## What you are asked to do
Lower down are entries containing pictures. Copy exactly, without those pictures, the lines from the line with "Herz Ohrstecker in 925 Silber" through the line with "Plafoniere moderne a".

## Data records

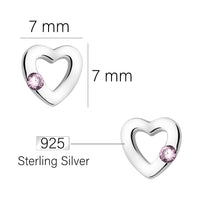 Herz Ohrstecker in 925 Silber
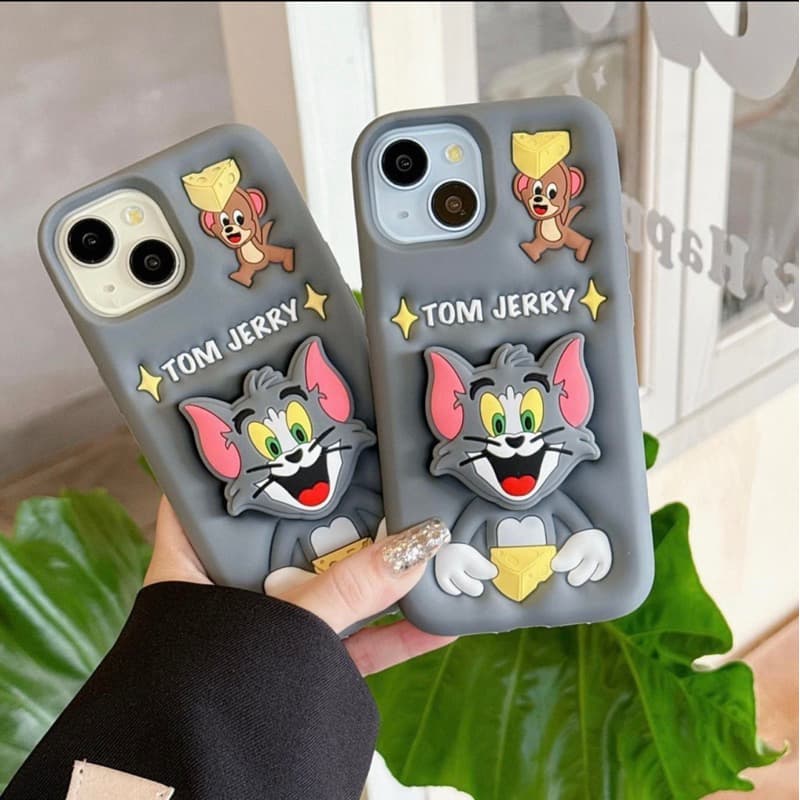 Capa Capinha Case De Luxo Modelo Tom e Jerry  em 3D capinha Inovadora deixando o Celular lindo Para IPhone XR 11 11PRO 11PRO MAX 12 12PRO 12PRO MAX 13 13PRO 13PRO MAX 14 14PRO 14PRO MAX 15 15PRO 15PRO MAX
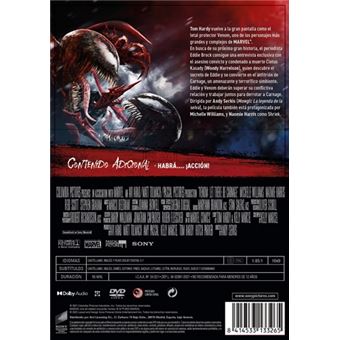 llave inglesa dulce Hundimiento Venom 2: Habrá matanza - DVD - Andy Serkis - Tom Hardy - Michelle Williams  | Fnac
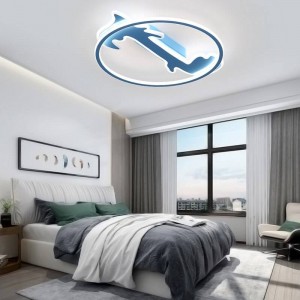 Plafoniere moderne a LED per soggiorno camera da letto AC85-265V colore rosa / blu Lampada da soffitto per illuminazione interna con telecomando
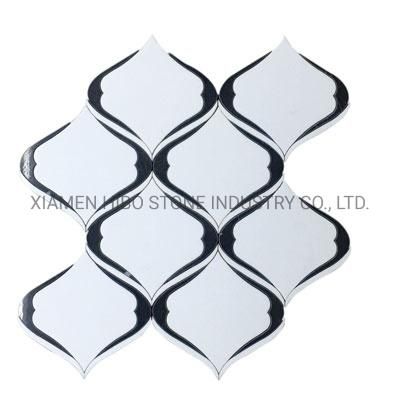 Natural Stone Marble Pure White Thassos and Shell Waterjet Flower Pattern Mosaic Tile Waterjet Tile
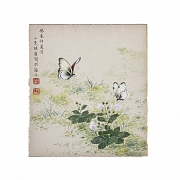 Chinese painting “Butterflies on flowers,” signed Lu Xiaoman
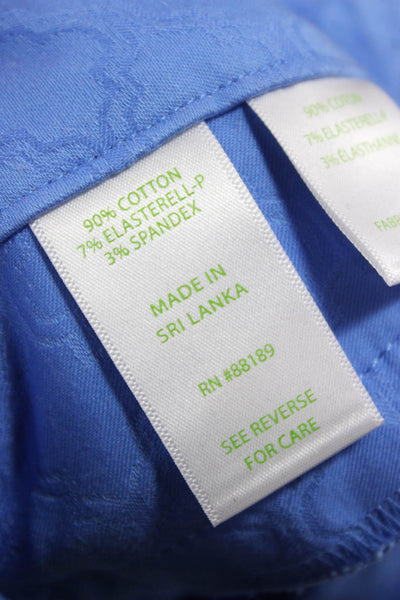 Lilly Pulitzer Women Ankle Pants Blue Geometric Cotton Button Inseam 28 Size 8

==

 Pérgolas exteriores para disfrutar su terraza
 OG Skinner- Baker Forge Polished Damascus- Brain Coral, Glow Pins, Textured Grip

## Exercise solution
 Herz Ohrstecker in 925 Silber
 Capa Capinha Case De Luxo Modelo Tom e Jerry  em 3D capinha Inovadora deixando o Celular lindo Para IPhone XR 11 11PRO 11PRO MAX 12 12PRO 12PRO MAX 13 13PRO 13PRO MAX 14 14PRO 14PRO MAX 15 15PRO 15PRO MAX
 llave inglesa dulce Hundimiento Venom 2: Habrá matanza - DVD - Andy Serkis - Tom Hardy - Michelle Williams  | Fnac
 Plafoniere moderne a LED per soggiorno camera da letto AC85-265V colore rosa / blu Lampada da soffitto per illuminazione interna con telecomando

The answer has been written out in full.